Captioned web images
----

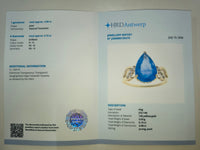 4.13 Ct Pear Natural Tanzanite 14K Gold Ring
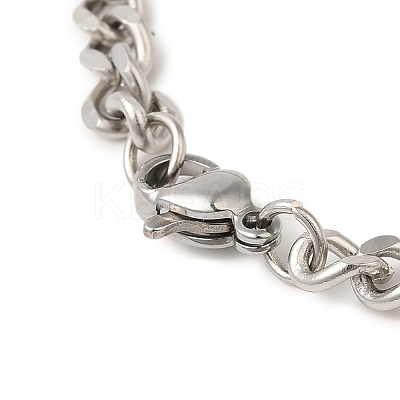 201 Stainless Steel Islamic Allah Rectangle Twisted Chain Necklaces LS-NJEW-Q002-07P-1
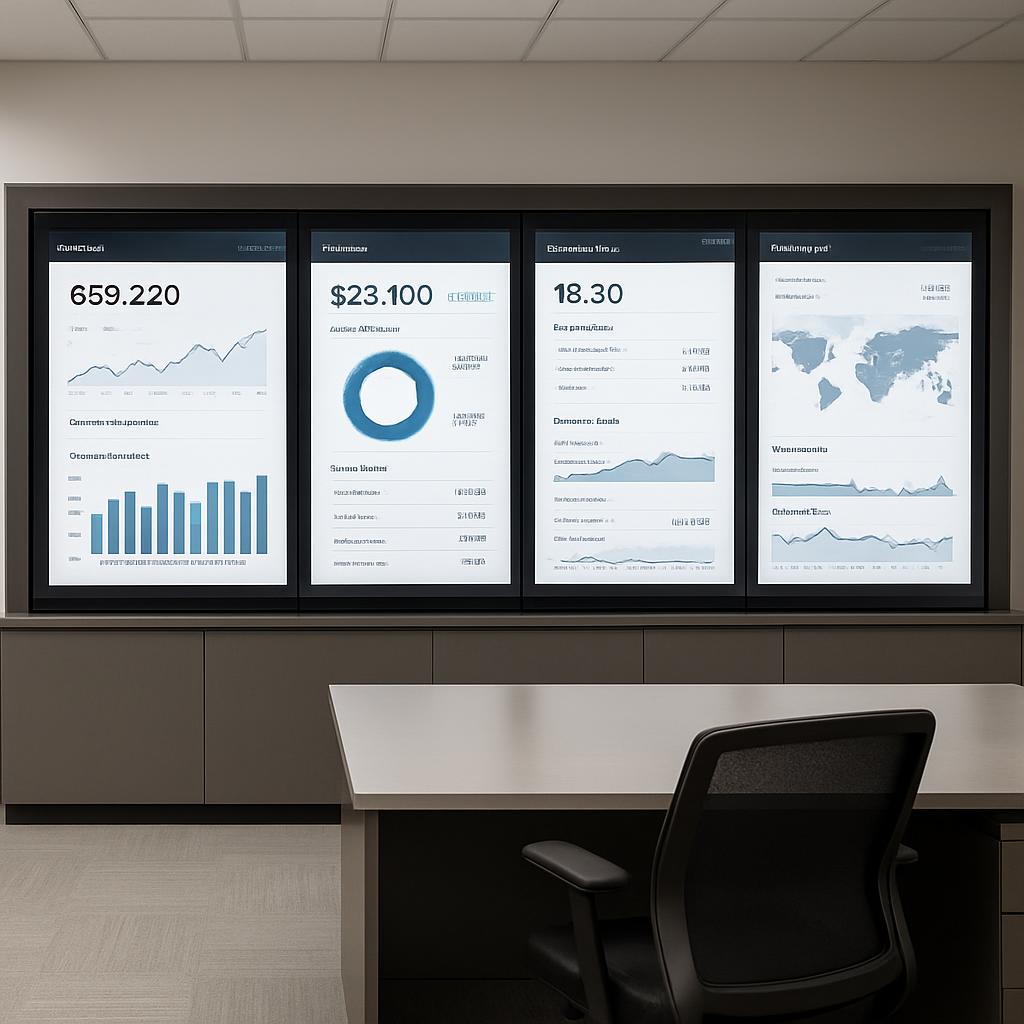 A mock-up of an office setting features four digital screens displaying financial data displayed on a conference room wall...
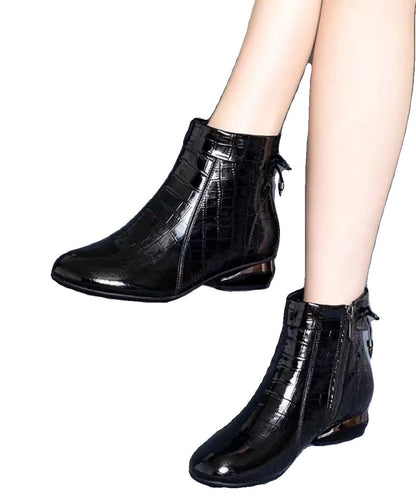 Classy Splicing Boots With Black Cowhide Shiny Surface RD013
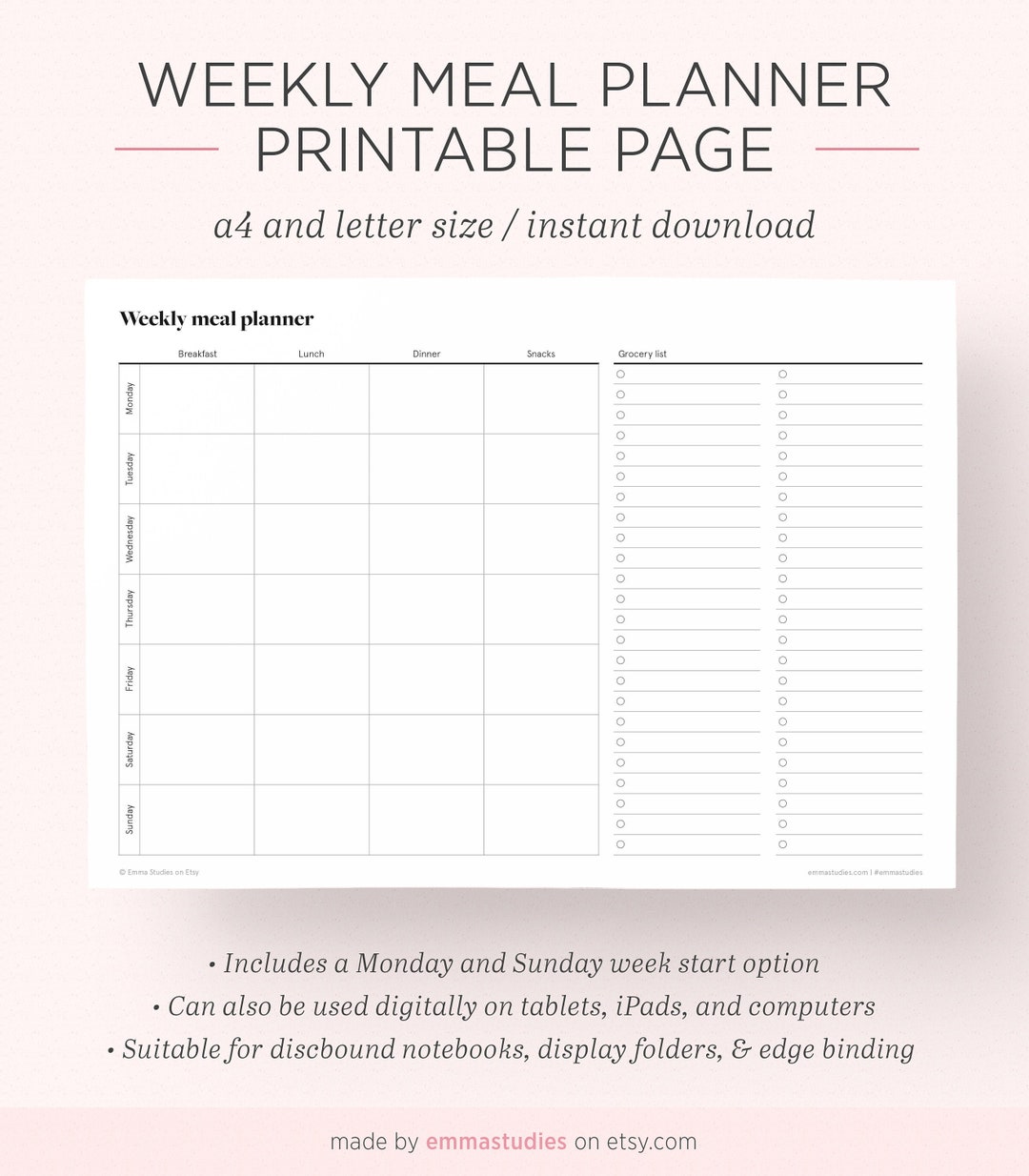 Weekly Meal Planner Printable Shopping Grocery Food List - Etsy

----

* **YOUR GOAL**: Leaving images out, please output every line of the data exactly.

* **SOLUTION FOR THIS PROBLEM**:
 4.13 Ct Pear Natural Tanzanite 14K Gold Ring
 201 Stainless Steel Islamic Allah Rectangle Twisted Chain Necklaces LS-NJEW-Q002-07P-1
 A mock-up of an office setting features four digital screens displaying financial data displayed on a conference room wall...
 Classy Splicing Boots With Black Cowhide Shiny Surface RD013
 Weekly Meal Planner Printable Shopping Grocery Food List - Etsy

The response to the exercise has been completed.